Qualitative Analysis: Coding Project Report of a Virtual Interview Question

The virtual interview question: Explain what being a doctoral student means for you? How has your life changed since starting your doctoral journey?

Description of your coding process

The steps I followed in this coding process were to read the responses once, at least one week before this individual project assignment was due.  This allowed me to think of generic themes, and codes at a super high level throughout the week.  Then after the week was over, I quickly went to wordle.net to create a word cloud on the top 50 most used words in this virtual interview and found out the results below.

wordle

Figure 1: Screenshot for wordle.net results which were used to help develop sub-codes and codes, words that bigger appear more often in the virtual interview than those words that are smaller.

The most telling themes from Figure 1 are: Time, Family, Life, Work, Student, Learning, Frist, Opportunity, Research, People, etc.  This helped create some codes and some of the sub-codes like prioritization, for family, etc.  Figure 1 has also helped me to confirm my ideas for codes that I have been thinking already in my head for the past week, thus I felt ready to begin coding.  After, deciding on the initial set of codes, I did some manual coding, while asking the questions: “What is the person saying?
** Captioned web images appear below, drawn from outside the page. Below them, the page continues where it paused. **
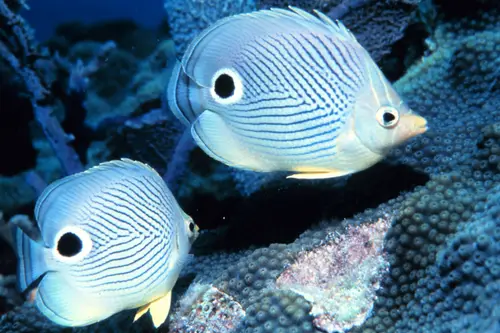 Chaetodon capistratus1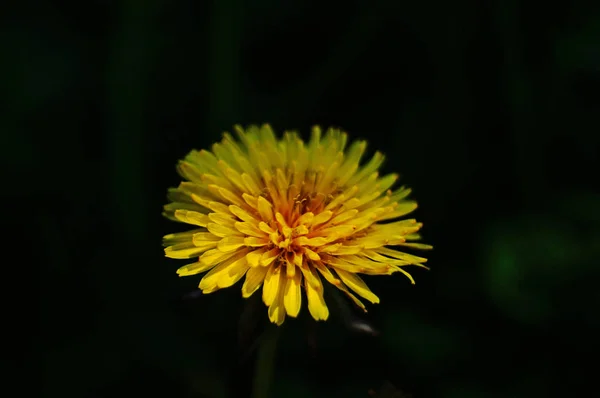 緑の草原の茎に繊細な薄黄色の花弁を持つタンポポの花 — ストック写真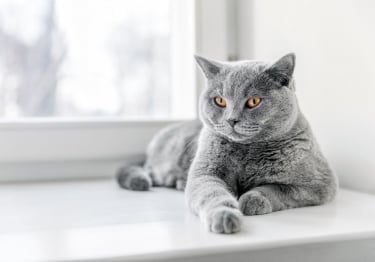 Photo : chat de race British Shorthair sur Woopets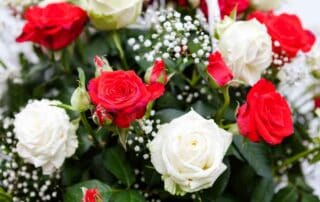 Bouquet of red and white roses. The gift for a woman for Valentine's Day.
And how they are saying it? And could there be a double meaning in the sentences?”  The last question helped me identify if each sentence in this virtual interview had multiple codes within it.  I used QDA Miner Lite as my software of choice for coding, it is an open-source product and there are plenty of end-user tutorials made by different researchers from many fields on how to effectively use this software effectively on YouTube.  After the initial manual coding, I revisited the initial coding book.  Some of the subcodes that fell under betterment, were moved into the future code as it better fit that theme than just pure betterment. This reanalysis of coding went on for all codes.  As I re-read the responses for the third time, some new subcodes got added as well.  The reason for re-reading this virtual interview a third time was to make sure not many other codes could be created or were missing.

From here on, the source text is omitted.